What started innocently as Independence Day festivities at Folly Beach turned into a “riot” … well, a kerfuffle between Folly police and a bunch of drunks that ended with a viral video and a temporary booze ban at the Edge of America. To some, it was an appropriate response to the alcohol-fueled incident; to others, it was the end of the laid-back lifestyle that made Folly Folly. By the end of the year, the ban was voted into a permanent status, marking last call along Charleston’s shoreline.

August

As if the zombie apocalypse wasn’t enough, Florida also had to contend with the Republican National Convention in Tampa. Among the opening acts was Nikki Haley, the token female minority to prove that the party had more to offer than old white men. Ultimately, Haley, nominee Mitt Romney, and the event in general were overshadowed by Clint Eastwood talking to an empty chair. I thought the visual of Haley as a puppet was an appropriate representation of her role in the proceedings. Making her a puppet with the GOP elephant’s trunk buried in her nether regions, however, also seemed an apt analogy for the party’s fumbled attempts at women’s issues and recent foot-in-mouth comments about “legitimate rape” and rapes that result in children being God’s will.

September

After the RNC, Haley had a busy schedule cheerleading for Romney on the campaign trail and traveling to Japan. Following a book tour in support of her autobiography and jaunts overseas to Paris and London, much was made about the amount of time the governor was spending out of state and whether the international travels were more for the benefit of Haley’s passports than the state. Haley would eventually cut her campaigning short in the aftermath of a hacking scandal involving the S.C. Department of Revenue.

October

The first Presidential debate resulted in two big topics of discussion: Barack Obama’s sleepwalking at the podium and Mitt Romney’s name-dropping Big Bird in targeting PBS for budget cuts.
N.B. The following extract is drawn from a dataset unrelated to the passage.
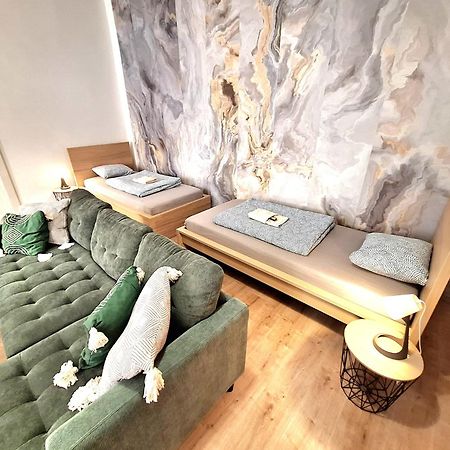 ברטיסלאבה Apartment Emma - Old Town מראה חיצוני תמונה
While Obama would eventually wake up for the remaining debates to win re-election, the Big Bird comment stuck to Romney through Election Day. All told, 2012 was a big year for the creations of the late Jim Henson, with his company cutting ties with Chick-fil-A following CEO Dan Cathy’s wading into the gay marriage debate and Elmo actor Kevin Clash resigning amid accusations of sexual relations with underage boys.

November

While Nikki Haley was stumping with Romney, the state was under attack by an international hacker who used an e-mailed link to access the Department of Revenue’s servers and make off with millions of taxpayers’ unencrypted Social Security and credit card numbers. Weeks after discovering the hack, Haley informed the citizenry, pointing fingers at antiquated hardware and the failures of third-party auditors before eventually taking responsibility for the compromised data. The year ended with Haley suffering a record-low approval rating, taxpayers nervous about potential identity theft, and the state scrambling to cover a $20 million bill for credit monitoring offered to try to ease those nerves.

December

Disenfranchised after Romney’s defeat on Election Day, Sen. Jim DeMint left his elected position for Republican think tank the Heritage Foundation, deciding he was more powerful as a one-man SuperPAC than as a politician — and earning a new $1 million payday. Oddly, neither party seemed too distraught at losing DeMint. The job of picking his replacement fell to Gov. Haley, and after weeks of daily media circus, she handed the mantle to Rep. Tim Scott, making him the state’s first African-American senator since Reconstruction.